I am scared of being emotionally bound to anyone. Could this explain my self destructive behavior when it comes to love, possibly. Probably.
At one point in my life the I felt that no one loved me. I felt this because for some reason I guess I thought I didn’t deserve love. But everyone deserves love. But, you have to be willing to be loved.
Every relationship I have seen has been broken. My parents, my own, my mom and my sister, the only reason I have someone now is because they refuse to give up on me. And some dark corner in the realm of my mind probably intentionally pushes them to a breaking point.
I have never admitted this to anyone not but I have considered having children.
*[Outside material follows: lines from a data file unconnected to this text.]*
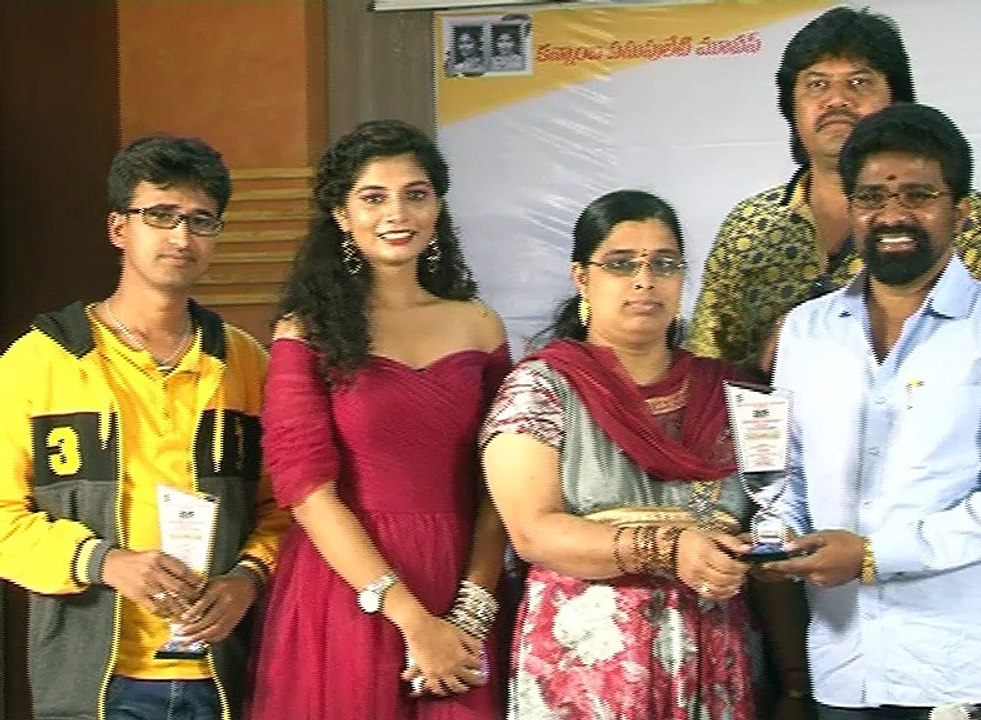 Manasantha Nuvve Movie Platinum Disc Function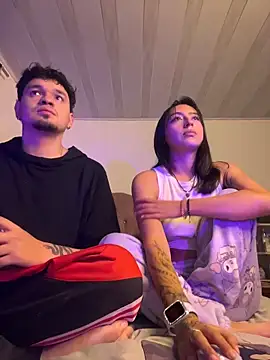 hotlatinocouple   online show from April 2026 03:08:02 AM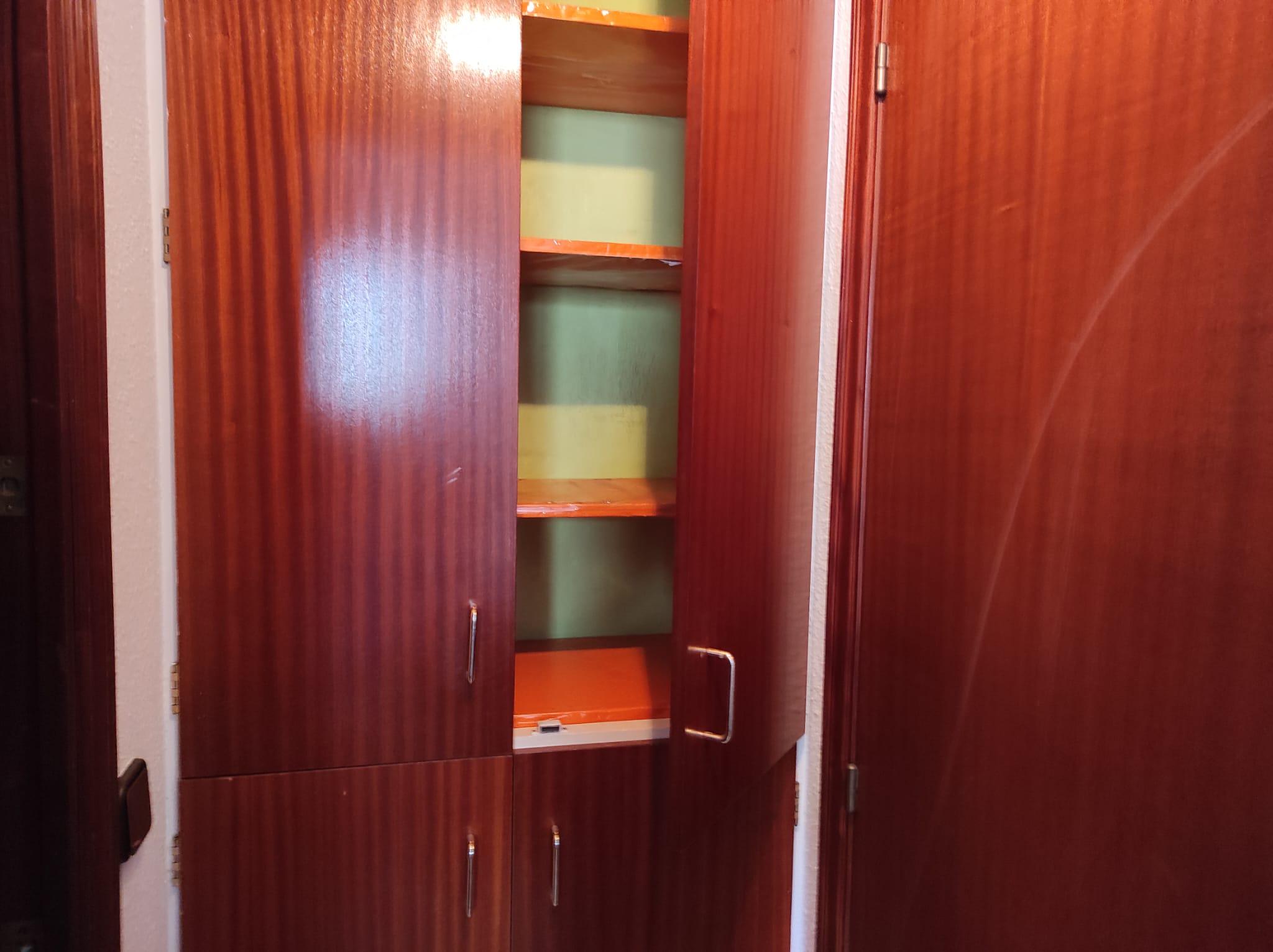 Imagen 39 Piso en venta en Barcelona / Cerca metro Lesseos y junto carrer Gran De Gracia  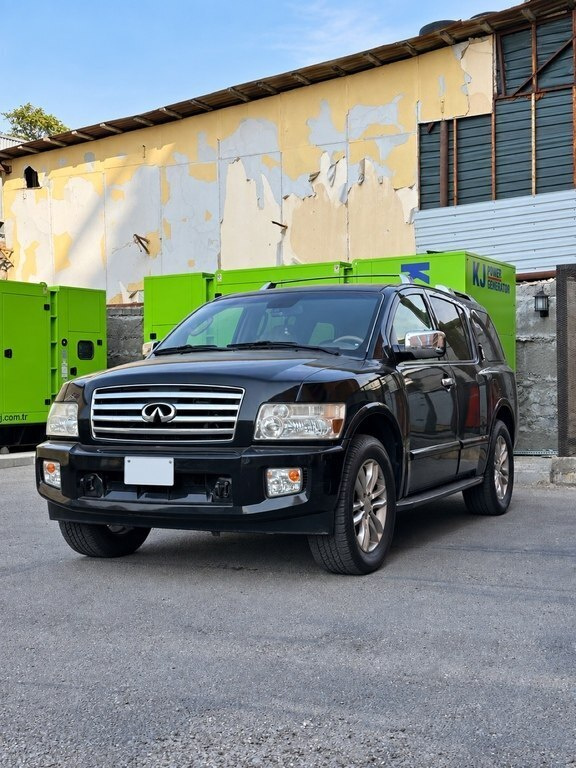 2005 Infiniti QX56, 5.6L, 207000km - Image 1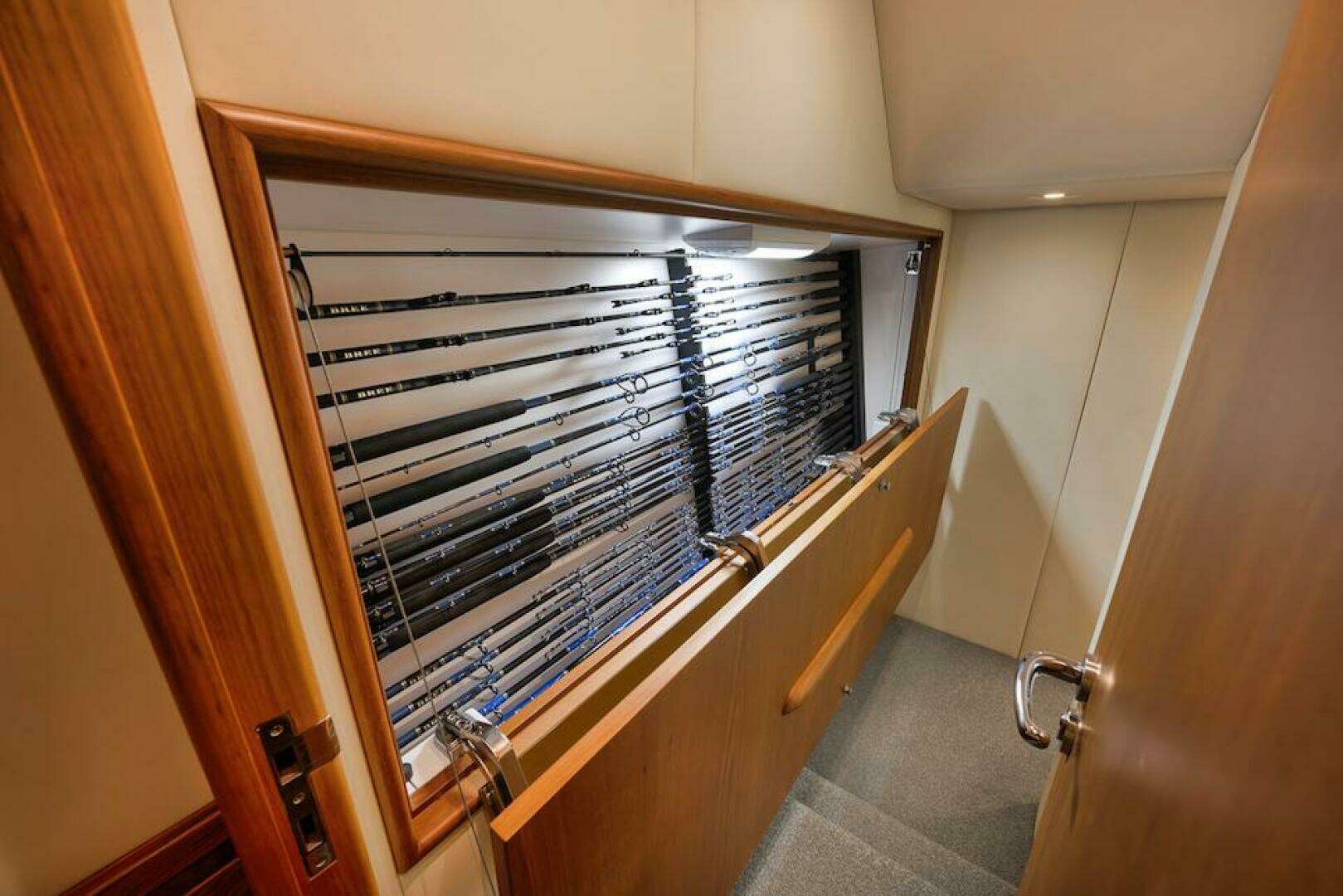 2016 Merritt 86' Enclosed Flybridge - Image 63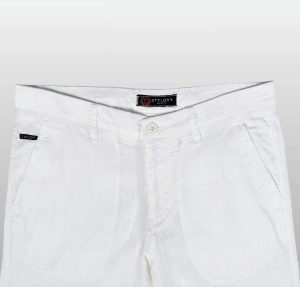 Spodenki męskie białe szorty chinosy bawełniane slim fit 250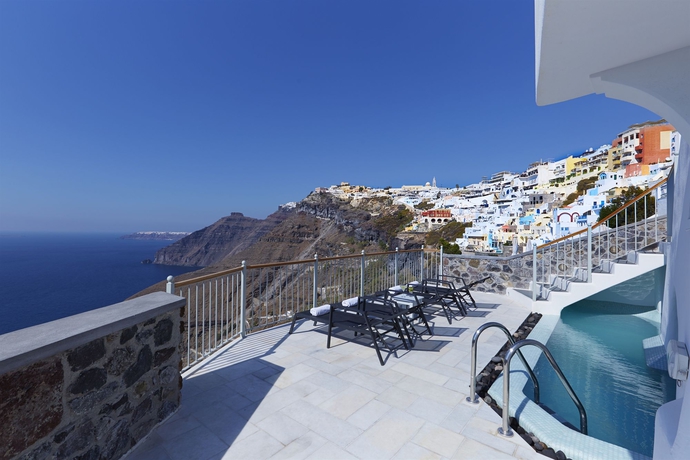 Imagen de la piscina del Hotel Cori Rigas Suites. Foto 16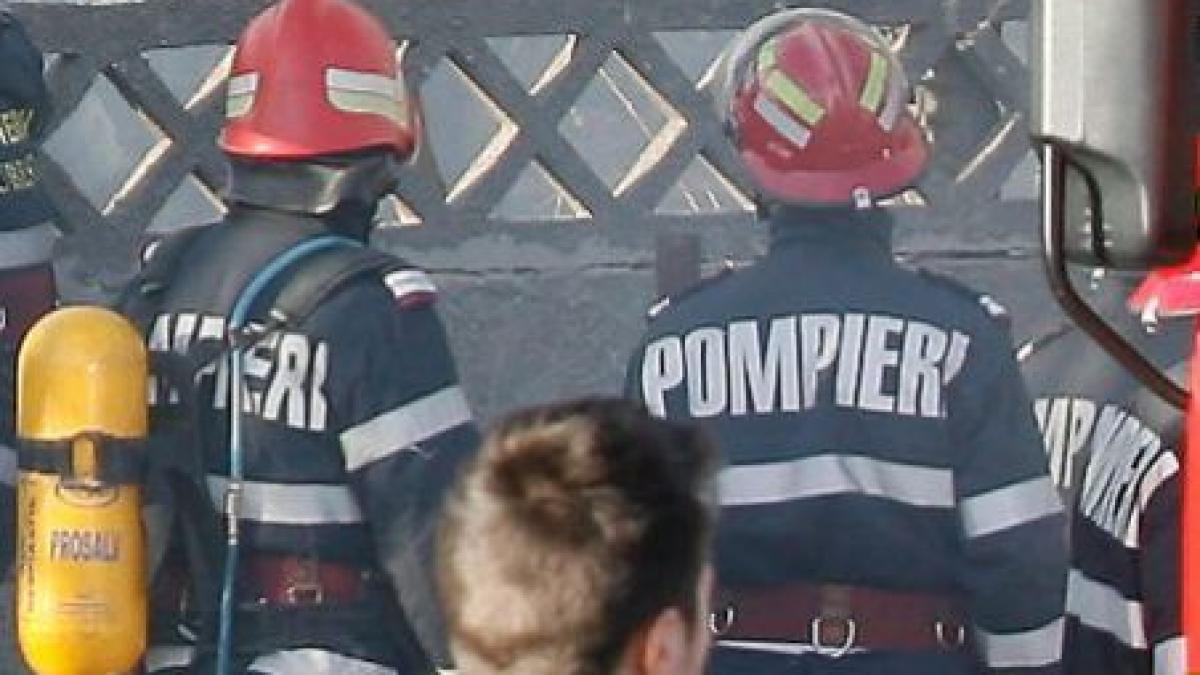 Incendiul de la fabrica de mase plastice din Medgidia a fost stins după 20 de ore (VIDEO)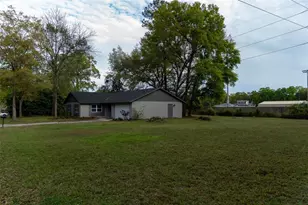 8221 SW 13th Rd, Gainesville, FL 32607 - Photo 10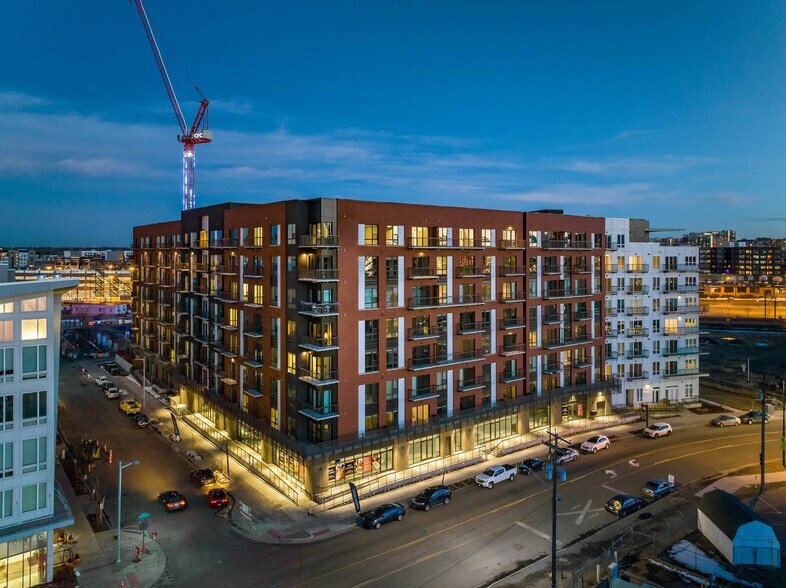 More Photos Of 2520 Wewatta Way, Denver Apartments For Lease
At one point I even dreamed of a son. The father of that would-be child now lives in North Carolina and though I don’t love him romantically, I know one day he will make someone a proud husband. The reason I am committed to not having children is because I am afraid I am not strong enough to break the cycle. No child should have to question whether there mother loves them. No child should have to travel the road of bitterness and resentment to get the point of recovery. yet in my family this seems to be the cycle that can not be broken.
Make no mistake I love my mother but it took time for me to let go of a childhood that reaked of longing. I don’t find myself to be strong enough not to be selfish. I don’t find myself strong enough not to be cynical.
I want all the love can find to give me but ask me to return it and I don’t know how to move beyond what’s comfortable.
I know, I know. Once you have a child all of that goes at of the window but I’m not willing to test the theory.
I have never been pregnant. Though I am pro-choice I do believe if I were pregnant I would have to have the child but under extreme protest which leads me back to my original apprehension.
You have to forgive me, somewhere during the journey I have forgotten my point. I just know that I am comfortable where I am emotionally. I know that I am loved and that settles me. Maybe one day before its too late I may feel that I am ready to be responsible for the life of another but for right now I will just enjoy being.